__What to work on__
Please restate word for word each line from the one containing "Pochette compacte pour" to the last line of the records below, and drop the pictures.

__Records to use__
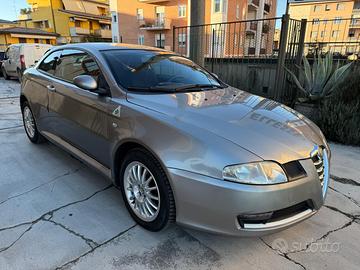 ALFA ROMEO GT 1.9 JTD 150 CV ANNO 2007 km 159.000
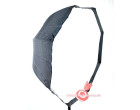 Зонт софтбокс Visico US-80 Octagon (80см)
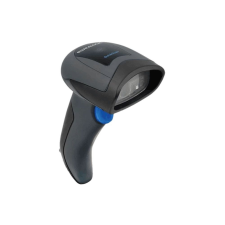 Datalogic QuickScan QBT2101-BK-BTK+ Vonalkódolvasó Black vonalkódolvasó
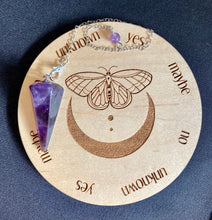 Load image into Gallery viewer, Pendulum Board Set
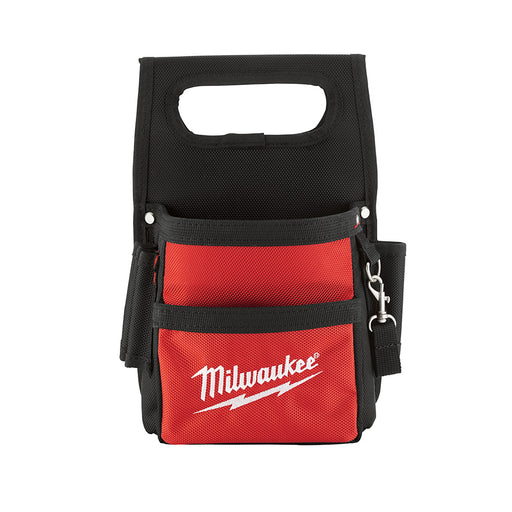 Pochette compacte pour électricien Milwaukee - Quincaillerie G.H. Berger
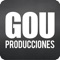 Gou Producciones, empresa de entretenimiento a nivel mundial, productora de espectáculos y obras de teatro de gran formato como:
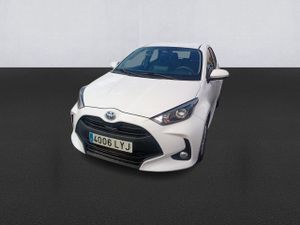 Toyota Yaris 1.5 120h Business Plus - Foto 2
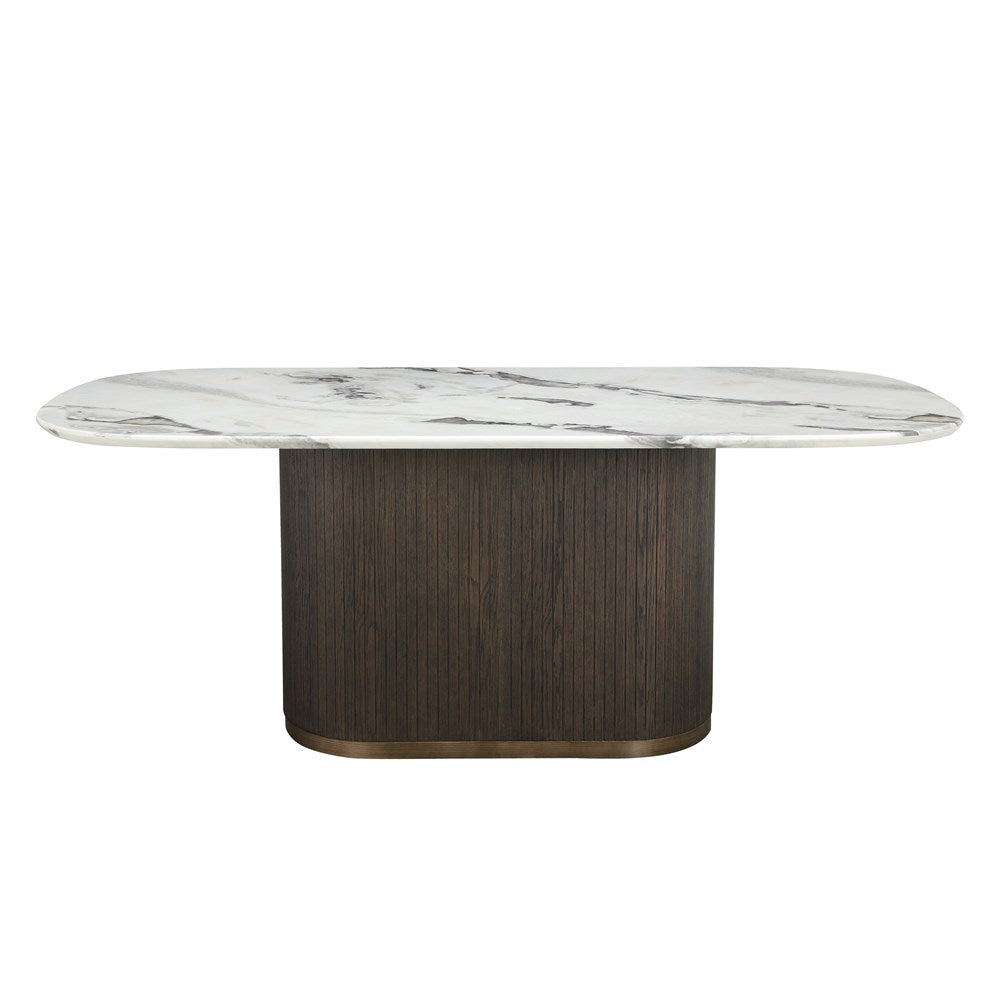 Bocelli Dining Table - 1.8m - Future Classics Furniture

__Exercise result__
 Pochette compacte pour électricien Milwaukee - Quincaillerie G.H. Berger
 Gou Producciones, empresa de entretenimiento a nivel mundial, productora de espectáculos y obras de teatro de gran formato como:
 Toyota Yaris 1.5 120h Business Plus - Foto 2
 Bocelli Dining Table - 1.8m - Future Classics Furniture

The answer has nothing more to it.